Climate Change Migration and Displacement: Learning from Past Relocations in the Pacific

Soc. Sci. 2019, 8(7), 218; https://doi.org/10.3390/socsci8070218
by Tammy Tabe
Reviewer 1:
Reviewer 2: Anonymous
Reviewer 3: Anonymous
Soc. Sci. 2019, 8(7), 218; https://doi.org/10.3390/socsci8070218
Submission received: 1 March 2019 / Revised: 20 June 2019 / Accepted: 26 June 2019 / Published: 19 July 2019

Round 1

Reviewer 1 Report

Thank you for this interesting article.  The history of the relocation of i-Kiribati people to the Phoenix and then Solomon Islands has been very much overlooked with only a few academic articles on the topic.  Of these, quite often the issue of the Gilbertese is not the main focus of the articles (for example it might be minority populations in Pacific Island countries).  So on its own the merits the story needs to be told.  It is even better that the story is from the resettled people themselves and is presented by one of their descendants.  The case becomes even more important when we consider its relevance to possible climate change responses in the Pacific Islands.

I have a few of concerns that would be useful to address.  The first of these is the use of the term displacement.  I think the paper needs to explain what is the difference between displacement and migration or forced migration.  For example, on line 20 it is stated ‘migration can lead to the displacement’.  On line 268 it is stated ‘forced migration creates displacement’.  My thought was, isn’t forced migration a form of displacement?  On lines 381-382 there is a statement that ‘While a lot of emphasis has been placed on migration as an adaptation strategy, it is displacement for many Pacific Islands’. Perhaps the terms displacement and (forced) migration need to be explained a little more fully and the distinctions between them clarified.  A few sentences would do the job perhaps in the introduction.

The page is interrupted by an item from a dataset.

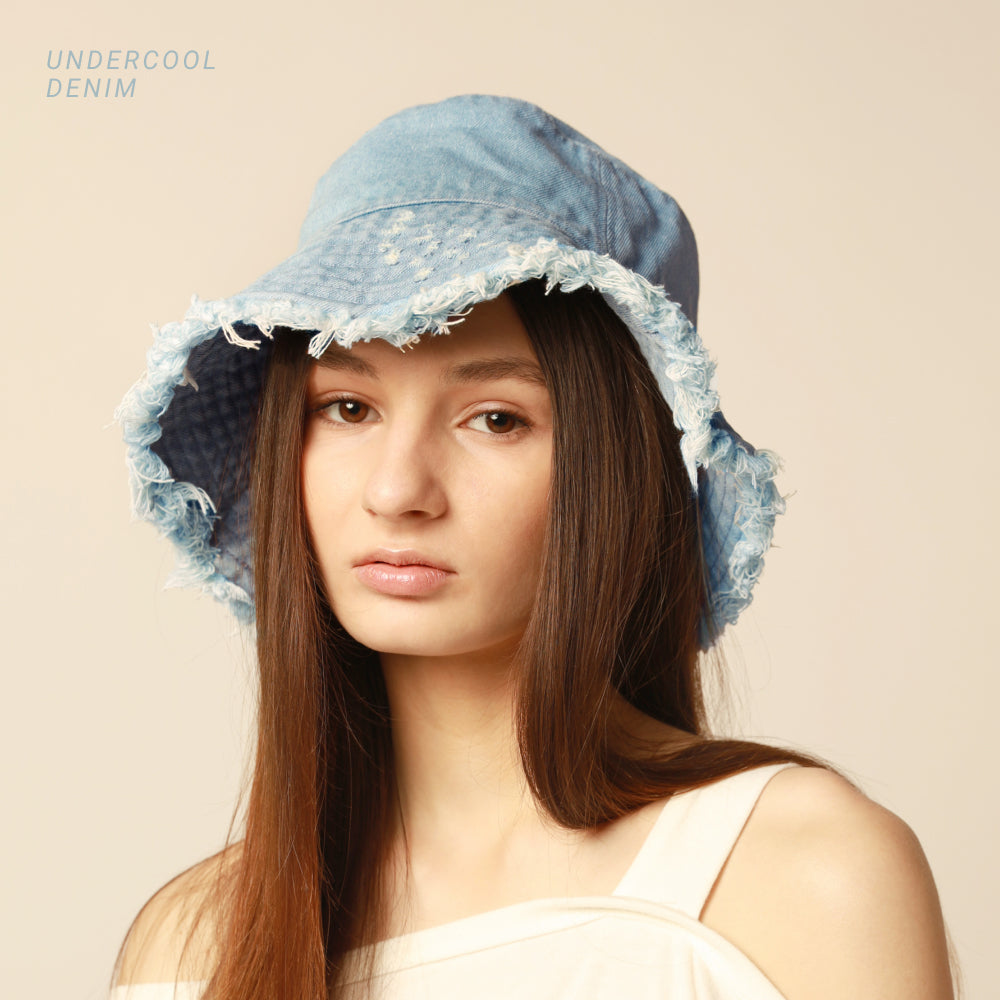 Frayed Cotton Bucket Hat for Summer – Stylish Casual Cotton Sun Hat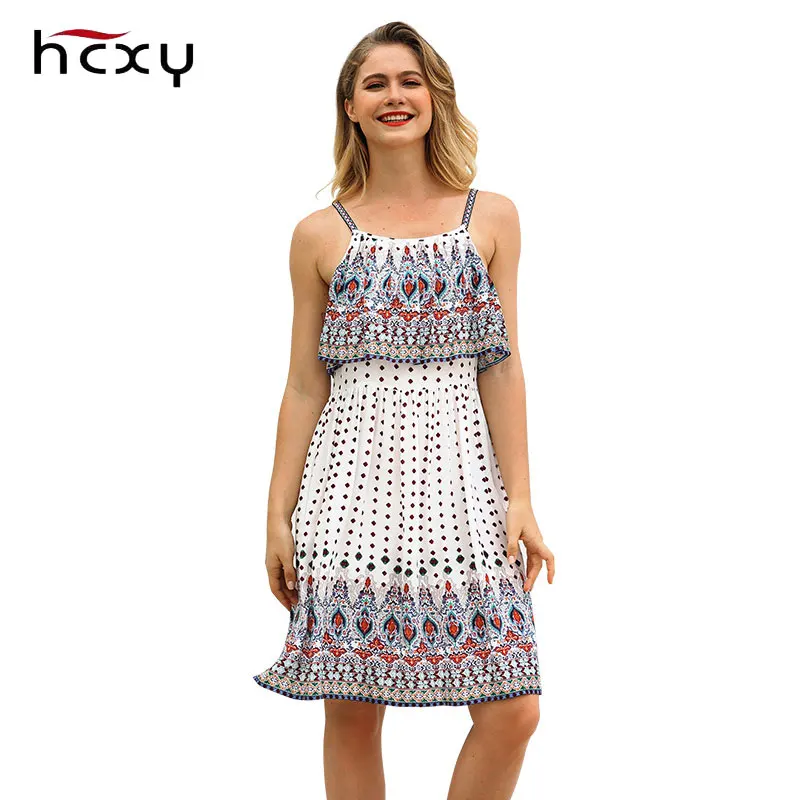 2018 HCXY Новый Для женщин Лето V шеи Винтаж Boho без рукавов Цветочный Национальный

My second issue relates to voices from the community of resettled people.  I understand that you are speaking for your elders, but it would be really nice if you could include some direct quotes from your ethnological research.  As you say in the conclusion, ‘It is also essentially important that emphasis is given to Pacific Islands narratives on migration’.  I couldn’t agree more.  This paper is itself a Pacific Island narrative and it is very important that your voice is heard.  But if possible some quotes (just a couple or three perhaps)from the people in Wagina would help stress the emotional and spiritual impacts that the relocation has had on them.  I think many readers struggle to understand the essential nature of the human/land bond in PICs and their voices may help improve this understanding.  Perhaps these quotes could go in sections 4 and/or 4.1.

Third, it would be perhaps useful to have a paragraph that outlines the physical differences between Wagina and the atolls from which the people were relocated.

There are quite a few grammatical and other mistakes that I have listed in an attached document.  It also lists some queries about thinks that may need to be clarified or some suggestions that you may wish to consider.


Best wishes with your work.

 

Comments for author File: Comments.pdf

Author Response

Dear Reviewer 1- I have revised my paper and incorporated the recommended corrections from you. Please see my revised paper and let me know whether or not I have addressed your comments accordingly.



Author Response File: Author Response.docx

Reviewer 2 Report

The paper contains a lot of interesting information and some good analysis. However, in its current form I do not recommend for publication as there are several significant issues which need to be addressed.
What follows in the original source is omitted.